Notably, no elevations of neurofilaments (NFs) in the brain tissue of TBI patients were observed. In fact, neurofilament heavy peptide (NEFH) was decreased in DAI when compared to iNPH. High levels of neurofilaments, composed of neuron-specific intermediate filaments, were found in ventricular and lumbar CSF as well as in serum43,44 following TBI. It is plausible that following axonal injury, NFs may leak into the CSF space and serum, despite unaltered expression in the cortical tissue.

Additional potential TBI biomarkers that were found with altering expression in TBI were neuron-specific enolase (NSE), Neurogranin (NRGN), Cathepsin D (CTSD) and fatty acid-binding protein, heart (FABP3). NSE is localized in the cytoplasm of neurons and is upregulated and associated with poor outcome in DAI45. Similar to our present data, serum NSE had different temporal patterns in DAI compared to focal TBI46. Neurogranin (NRGN), a postsynaptic protein involved in memory consolidation, predicts cognitive deterioration in prodromal Alzheimer’s disease47, and fatty acid-binding protein, heart (FABP3), involved in fatty acid metabolism and lipid transport, is a biomarker candidate for AD, subarachnoid hemorrhage and TBI48,49,50, where the levels in serum can predict mortality48. In our study NSE, NRGN and FABP3 were increased. In contrast, the lysosomal protease CTSD decreased in DAI, is linked to defective degradation of Aβ51 as well as α-synuclein toxicity in Parkinson disease (PD)52. These data enforce the notion that DAI triggers multiple injury cascades that cannot be visualized with currently existing methods, and may reflect an increased vulnerability to long-term neurodegeneration.

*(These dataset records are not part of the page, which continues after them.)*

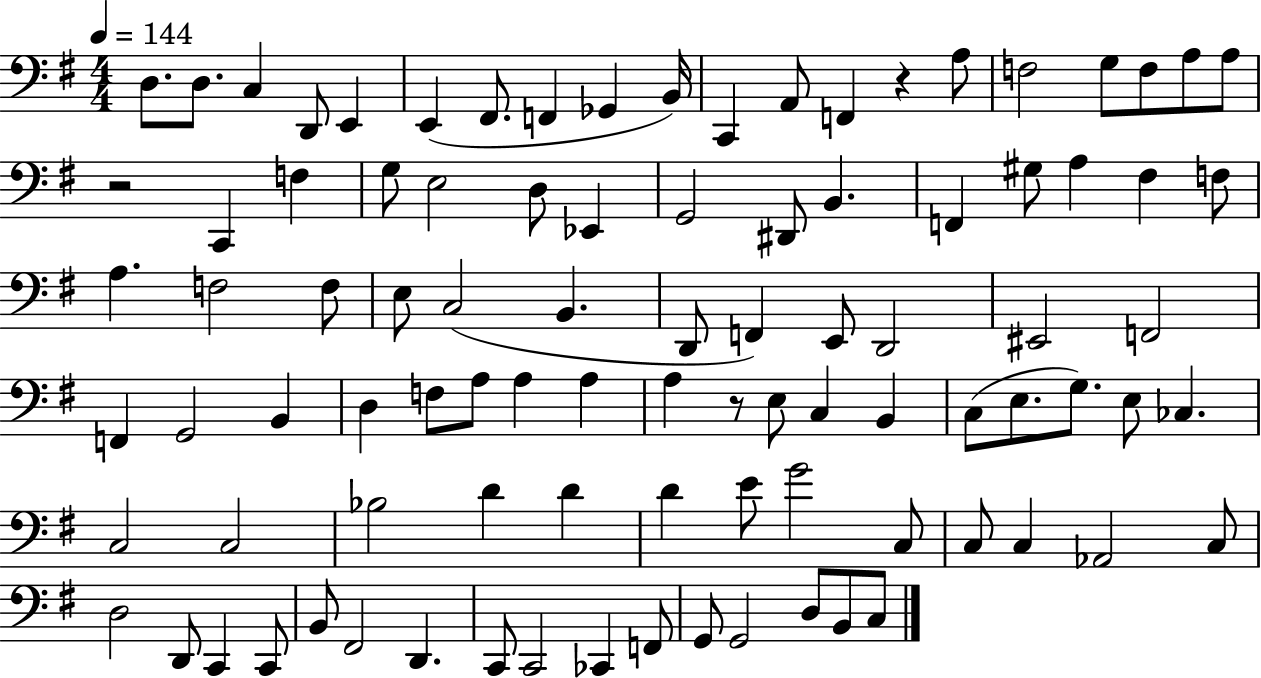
{
  \clef bass
  \numericTimeSignature
  \time 4/4
  \key g \major
  \tempo 4 = 144
  d8. d8. c4 d,8 e,4 | e,4( fis,8. f,4 ges,4 b,16) | c,4 a,8 f,4 r4 a8 | f2 g8 f8 a8 a8 | \break r2 c,4 f4 | g8 e2 d8 ees,4 | g,2 dis,8 b,4. | f,4 gis8 a4 fis4 f8 | \break a4. f2 f8 | e8 c2( b,4. | d,8 f,4) e,8 d,2 | eis,2 f,2 | \break f,4 g,2 b,4 | d4 f8 a8 a4 a4 | a4 r8 e8 c4 b,4 | c8( e8. g8.) e8 ces4. | \break c2 c2 | bes2 d'4 d'4 | d'4 e'8 g'2 c8 | c8 c4 aes,2 c8 | \break d2 d,8 c,4 c,8 | b,8 fis,2 d,4. | c,8 c,2 ces,4 f,8 | g,8 g,2 d8 b,8 c8 | \break \bar "|."
}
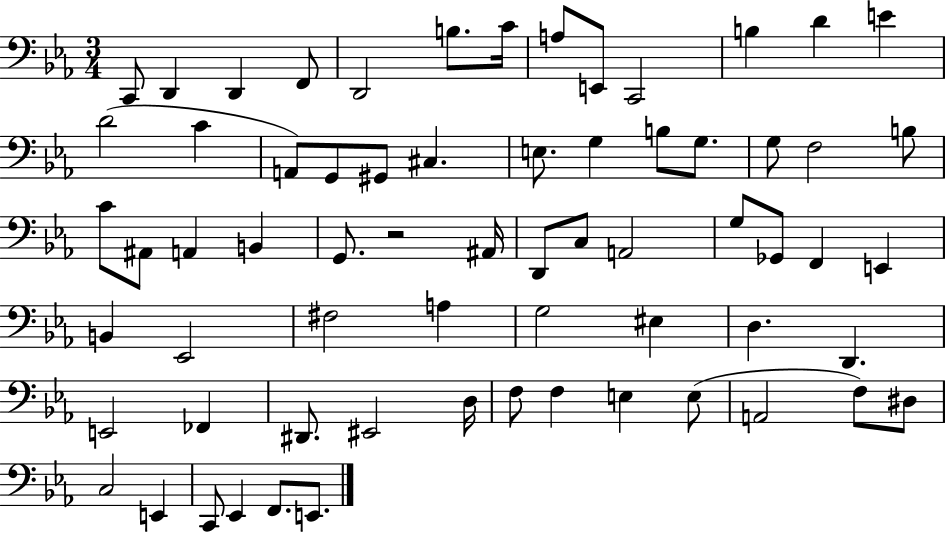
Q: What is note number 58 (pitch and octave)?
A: F3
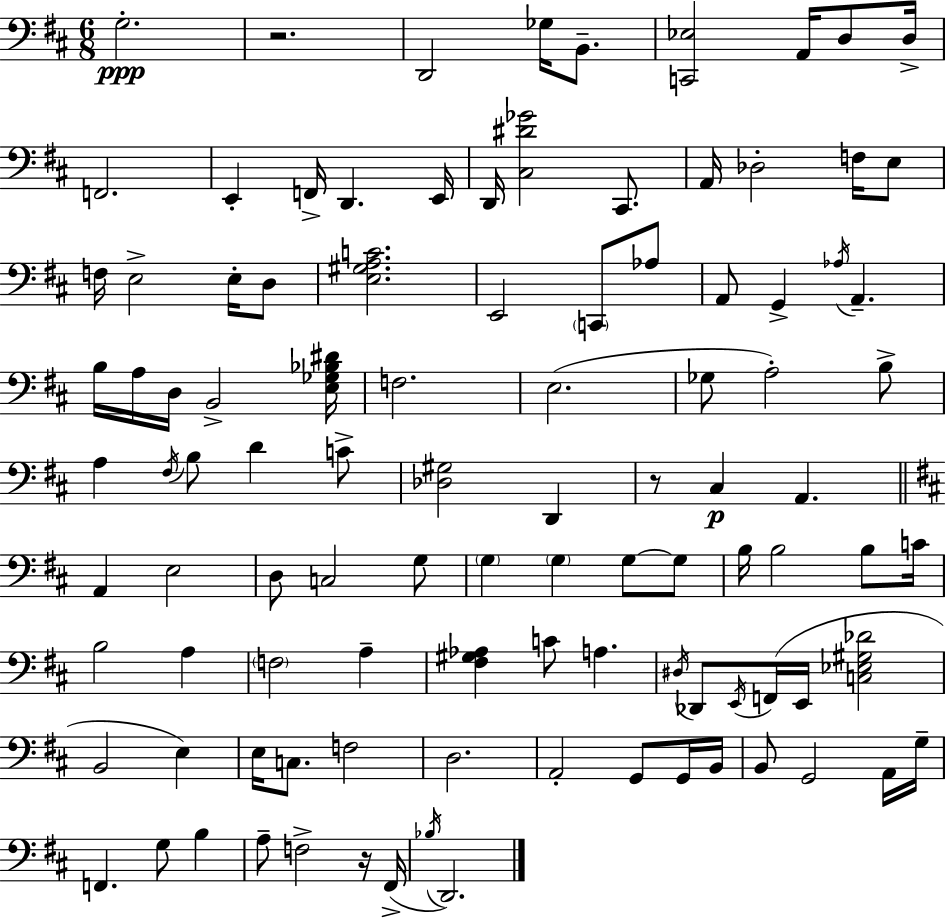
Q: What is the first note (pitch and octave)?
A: G3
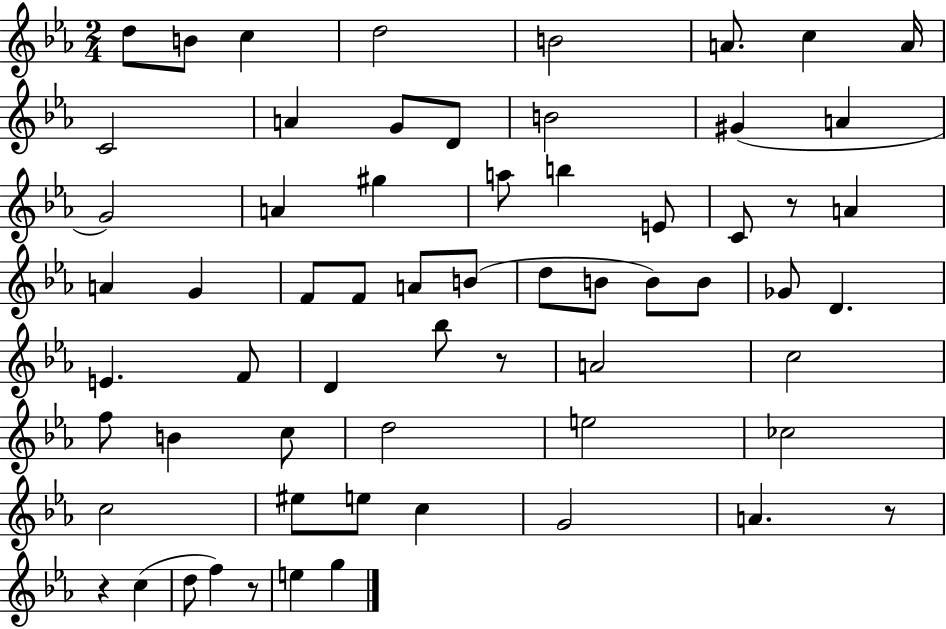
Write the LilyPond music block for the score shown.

{
  \clef treble
  \numericTimeSignature
  \time 2/4
  \key ees \major
  d''8 b'8 c''4 | d''2 | b'2 | a'8. c''4 a'16 | \break c'2 | a'4 g'8 d'8 | b'2 | gis'4( a'4 | \break g'2) | a'4 gis''4 | a''8 b''4 e'8 | c'8 r8 a'4 | \break a'4 g'4 | f'8 f'8 a'8 b'8( | d''8 b'8 b'8) b'8 | ges'8 d'4. | \break e'4. f'8 | d'4 bes''8 r8 | a'2 | c''2 | \break f''8 b'4 c''8 | d''2 | e''2 | ces''2 | \break c''2 | eis''8 e''8 c''4 | g'2 | a'4. r8 | \break r4 c''4( | d''8 f''4) r8 | e''4 g''4 | \bar "|."
}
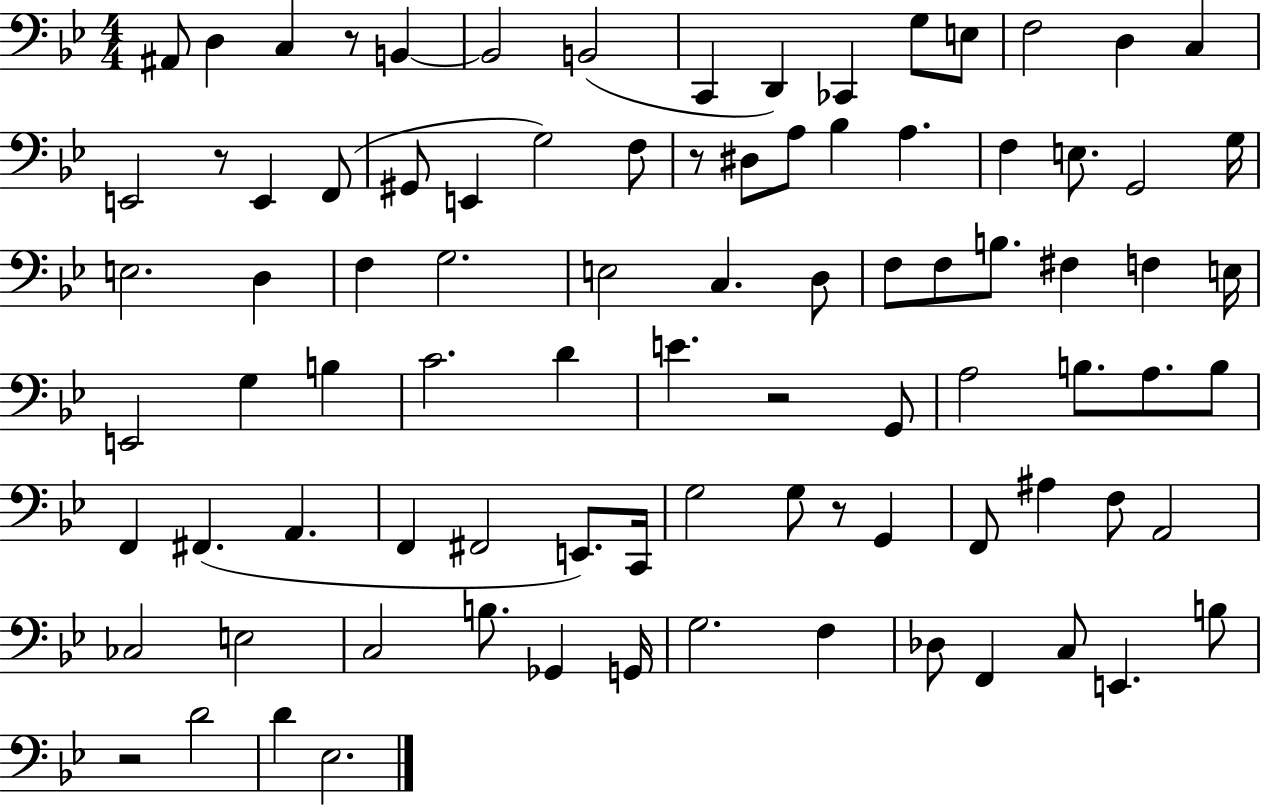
X:1
T:Untitled
M:4/4
L:1/4
K:Bb
^A,,/2 D, C, z/2 B,, B,,2 B,,2 C,, D,, _C,, G,/2 E,/2 F,2 D, C, E,,2 z/2 E,, F,,/2 ^G,,/2 E,, G,2 F,/2 z/2 ^D,/2 A,/2 _B, A, F, E,/2 G,,2 G,/4 E,2 D, F, G,2 E,2 C, D,/2 F,/2 F,/2 B,/2 ^F, F, E,/4 E,,2 G, B, C2 D E z2 G,,/2 A,2 B,/2 A,/2 B,/2 F,, ^F,, A,, F,, ^F,,2 E,,/2 C,,/4 G,2 G,/2 z/2 G,, F,,/2 ^A, F,/2 A,,2 _C,2 E,2 C,2 B,/2 _G,, G,,/4 G,2 F, _D,/2 F,, C,/2 E,, B,/2 z2 D2 D _E,2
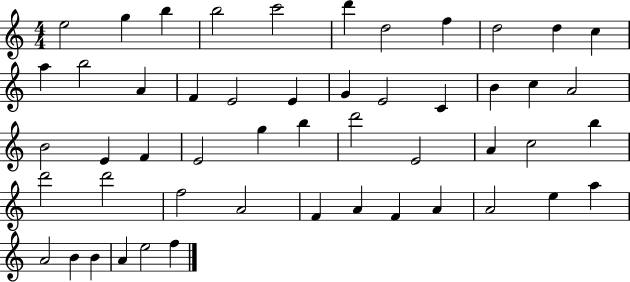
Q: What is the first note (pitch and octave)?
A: E5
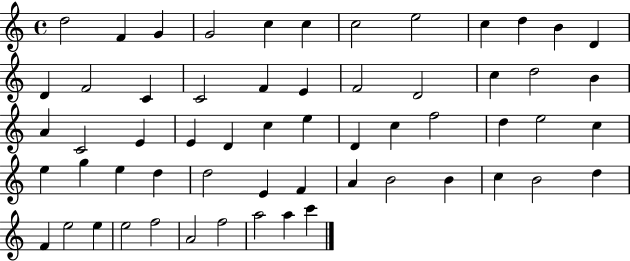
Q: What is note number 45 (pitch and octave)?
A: B4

The brain is highly sensitive to free radicals and an overproduction of reactive oxygen/nitrogen species (ROS/RNS) is a key secondary injury factor in TBI. The resulting oxidative stress causes damage to cellular membranes and organelles53. In our study, we found mainly decreased expression of antioxidant proteins by TBI. Perioxiredoxin-6 (PRDX6) is a major antioxidant enzyme found primarily in astrocytes, increased in AD brains where it may neutralize ROS in the vicinity of Aβ aggregates, and was found oxidized and inactivated in the CSF of severe TBI patients54. Consistent with these findings, we detected decreased PRDX6 expression in TBI brain tissue, and particularly in DAI. Protein DJ-1 (PARK7), another antioxidant protein with neuroprotective properties, was also decreased by TBI. Decreased expression of antioxidants may increase the susceptibility to ROS/RNS-mediated secondary brain injury following TBI.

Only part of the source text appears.